In cuda program manu, it announces that #pragma unroll can unroll any given loop.
but when i unroll a loop bigger than 1200, it will report a error: nvopencc ERROR: C:\CUDA\bin/…/open64/lib//be.exe returned non-zero status -1073741819.
At the same time, i use --ptxas-options=-v to check the register using information, and only use 4 register.

but when i unroll loop number less then 1200, it works very well.
Does any one know is there any compiler option can resolve this problem?
and how to disable cuda compiler auto optimization from ptx to cubin?

i use cuda 2.0 driver and toolkit, Geforce 9600GTX.
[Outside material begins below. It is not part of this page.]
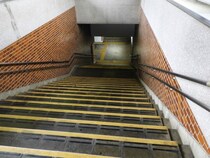 「上野駅の階段で、見知らぬ人と目が合った。そのまま『やるか？』と尋ねられ…」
Are you stuck using CUDA 2.0? If not, perhaps upgrade to the latest (CUDA 2.1); I know they fix compiler bugs with each release (and rumor has it that CUDA 2.2 is due soon). Maybe one of the nVidia employees can check that error code for you.

I don’t think that you can disable the optimization from PTX to the .cubin, because PTX is just an intermediate language; it is interpreted internally in the CUDA tools and then optimized to a .cubin. If they didn’t do this, you would basically have to hand-optimize the PTX for each kernel, which would make writing your kernels in C/C++ pointless. Also, letting the compiler do the optimizations ensures that you are (in most cases) getting the best binary code possible – making a small mistake in the PTX could ruin your coalesced memory accesses, etc.

i have tried with 2.1 version, looks like it also have this problems.

Maybe problem exists in preprocessor of compiler.